It’s been over a week now and it’s interesting to meter the reaction to the Microsoft and Novell deal. Popular, mainstream reaction has been generally positive — this could create a win/win for the companies, and consumers will benefit form the partnership. But for those more steeped in the open source community, there have been charged responses that indicate a chasm. Some see the agreement as legitimizing open source, at least in the eyes of the broader (Windows-dominated) marketplace. Others view this as a deal with the devil that will ultimately hurt open source and the GPL. The recent Samba team response is clear: that the GPL is a zero-sum game — you exploit open source software for your gain to the detriment of others (ie the "community").
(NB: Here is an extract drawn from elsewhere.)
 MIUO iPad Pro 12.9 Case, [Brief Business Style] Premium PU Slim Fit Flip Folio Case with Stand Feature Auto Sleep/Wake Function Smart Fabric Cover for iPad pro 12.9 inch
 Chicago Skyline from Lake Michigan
Under Samba’s view, the Microsoft & Novell deal doesn’t enlarge the pie, but only unfairly redistributes it.

Is this the same sort of broad ideological split that separates money-making capitalists from share and share-alike Marxist communists? Or is the split more indicative of a narrow divide about what is better for software innovation, closed (or patented) or open software? Or even narrower still, are we only talking about whether the Microsoft/Novell arrangement violates the specifics of the GPL? I don’t really know — and perhaps a complete response incorporates answers to all three questions.

Tim Lee, over at the Technology Liberation Front, points to the threat of a split in his post last week. He states:

Microsoft is laying the groundwork for splitting the open source community in two. On the one hand, you’ll have a handful of "open source" companies that sell products like Linux under the umbrella of cross-licensing agreements with Microsoft and other big patent holders. On the other hand, you’d have the rest of the open source community. This would give Microsoft cover to sue medium-sized open source firms and say "all we’re asking is for company X to go legit like Novell." Once they’ve collected a few scalps, they might be able to scare the business community away from buying open source software from vendors that haven’t joined the protection racket.

As I said in my post on this, I welcome these patent agreements. The Microsoft/Novell covenant not to sue is an example of market participants contracting around or within the patent and copyright legal system to reduce the transaction costs of negotiating, monitoring and enforcing licenses. Far from creating a legal cloud, unilateral or bilateral IP agreements work to create a workable opening for innovative developments in an already existing cloud of assertible (if not all enforceable) IP rights.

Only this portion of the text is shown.